Inflation is low, 1.6% or lower. There is worry that it is too low, because it is below the Federal reserve target of 2.0%. How can we raise inflation?
First, let's look at a dynamic of why inflation is low...
Over the past 6 quarters, inflation has been trending lower, but as you can see, effective demand is trending lower due to a normal increased utilization of labor and capital. As the price level of effective demand decreases, this puts downward pressure on inflation. People are willing to buy output at lower and lower price levels. Inflation is in effect being suffocated. The Fed rate has no traction to help inflation.

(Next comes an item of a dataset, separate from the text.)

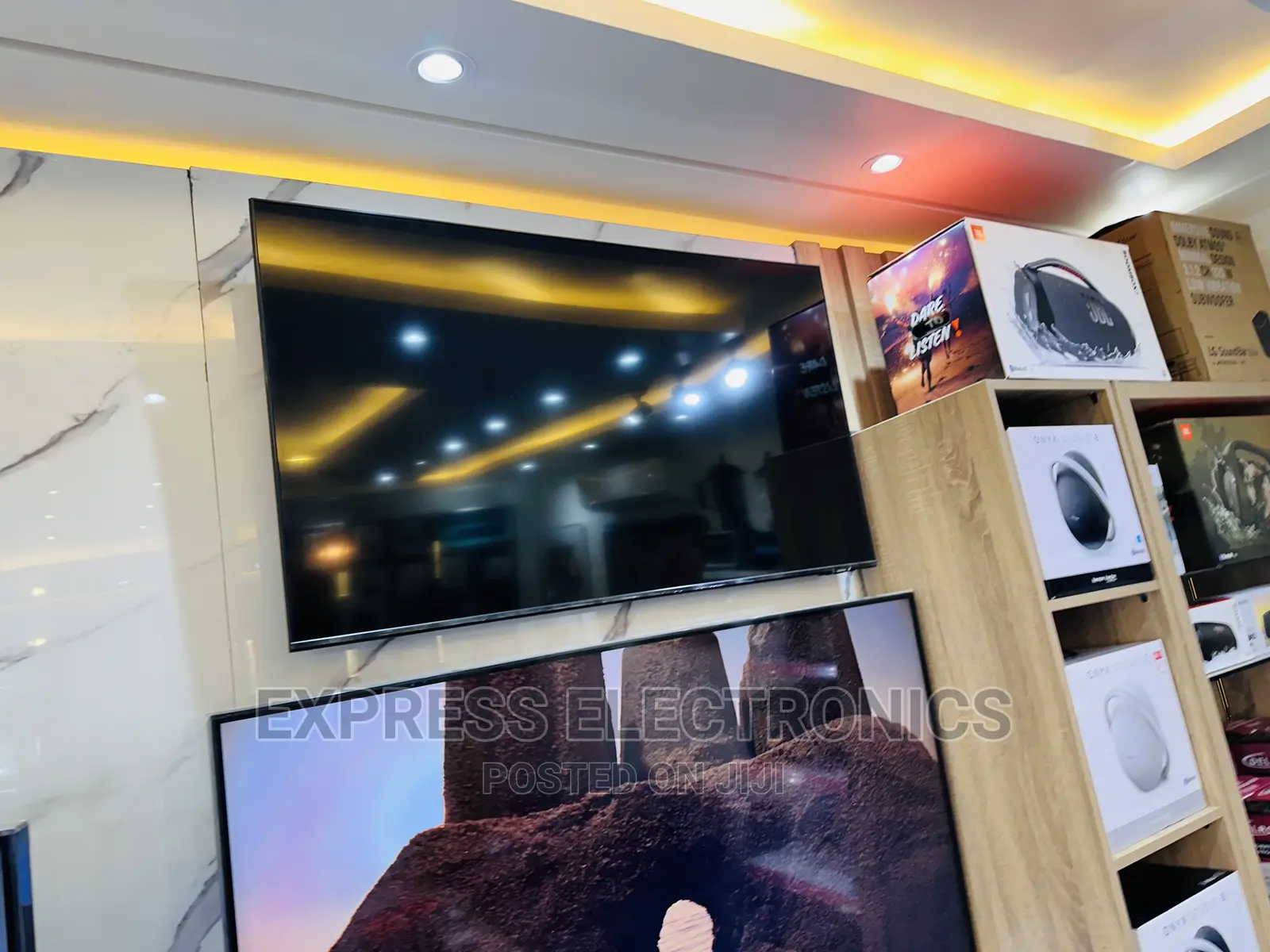 Unleash the Power With 55”Bu8000 Uhd4k Smart Samsung Slim Tv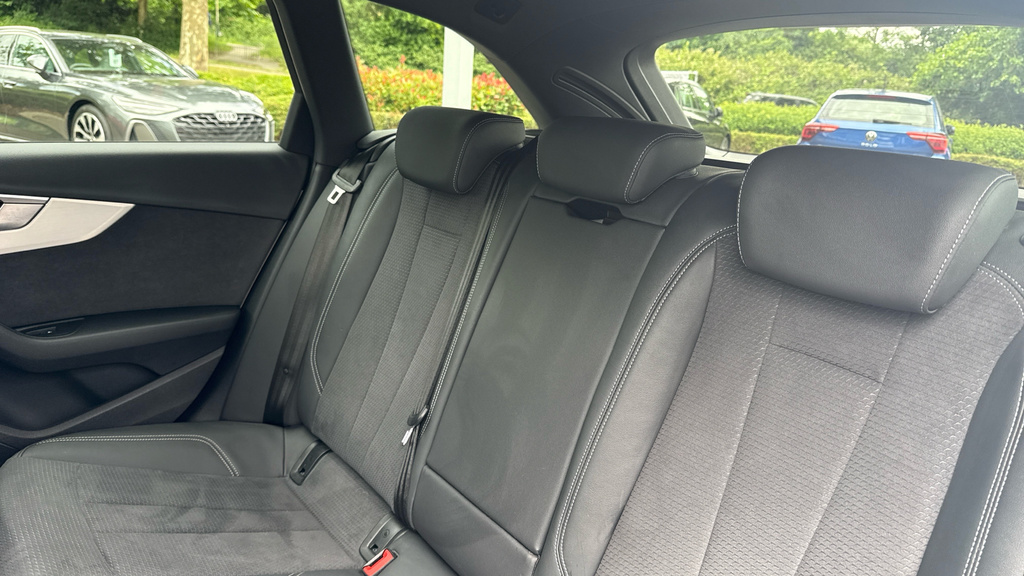 Audi A4 Avant 35 Tfsi Black Edition S Tronic Black #14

With the Fed rate already pushing on 0%, the issue is to try to get the Fed rate back into positive territory. This requires a rise in inflation or a rise in the labor share of income.
Inflation cannot rise because it is being pushed down by declining effective demand. So what if we raise labor share of income?...
In this graph, I have taken 1Q-2013 data and simply made one change. I have changed effective labor share from 74% to 76%. The yellow lines show 74%. The blue lines show 76%.
The effective demand curve shifts right, as is to be expected from a rise in labor income & consumption. However, the aggregate supply curve has shifted left because of increased unit labor costs. It is true that an increase of effective labor share from 74% to 76% increases effective unit labor costs from 96.4% to 99%.
Potential real GDP stays constant at $13.575 trillion. LRAS curve stays constant at around $13.810 trillion. Now, it is important for us to notice that the price level of effective demand has gone higher to around 8.0%. We are relieving the progressive pressure pushing down on inflation. But there is even a more important result...
By raising effective demand overall, we are raising the price level at which the economy is willing to demand the same amount of output. This is key to raising inflation. When the economy returns to $13.750 trillion real output, the price level of effective demand would be over 7% instead of the current 4%. This means people would be willing to accept a higher inflation rate due to increased labor share of income.
When we use the ED rule for the Fed rate given above for an effective labor share of 74%, the Fed rate is -0.77%. When we raise the effective share to 76%, real output declines, but then it starts to rise again from increased effective demand. Inflation will tend to increase. If we say that real output rises back to the current $13.750 and inflation rises from 1.6% to 2.5%, the calculated Fed rate would rise to +0.19%. The Fed rate would be back in positive territory, where it can gain traction in the economy.
So raising labor share of income is a solution... But...
But there is one problem, a big problem. When unit labor costs rise, an economic contraction can be triggered. The probability of a contraction is greater when effective demand is low like now. Aggregate profit rates are already stagnating. A rise in labor share of income now, would probably trigger an economic recession, instead of just a temporary contraction followed by a more robust economy. The economy is more sensitive to rising unit labor costs now.
Labor share of income should have increased a year or two ago. At that point, the economy had momentum from rising profit rates. It would have recovered from a hit to real output. We would be in a much better position now for higher inflation, and more importantly, a positive Fed funds rate with traction to maneuver the economy.
The bottom line is that if labor share was to be raised now, it would have to be done much more slowly.. much more carefully. And a slower pace would probably not be enough to save inflation nor the Fed funds rate. The end of the current expansion is in sight... We just wait for the UT index to go below 1%.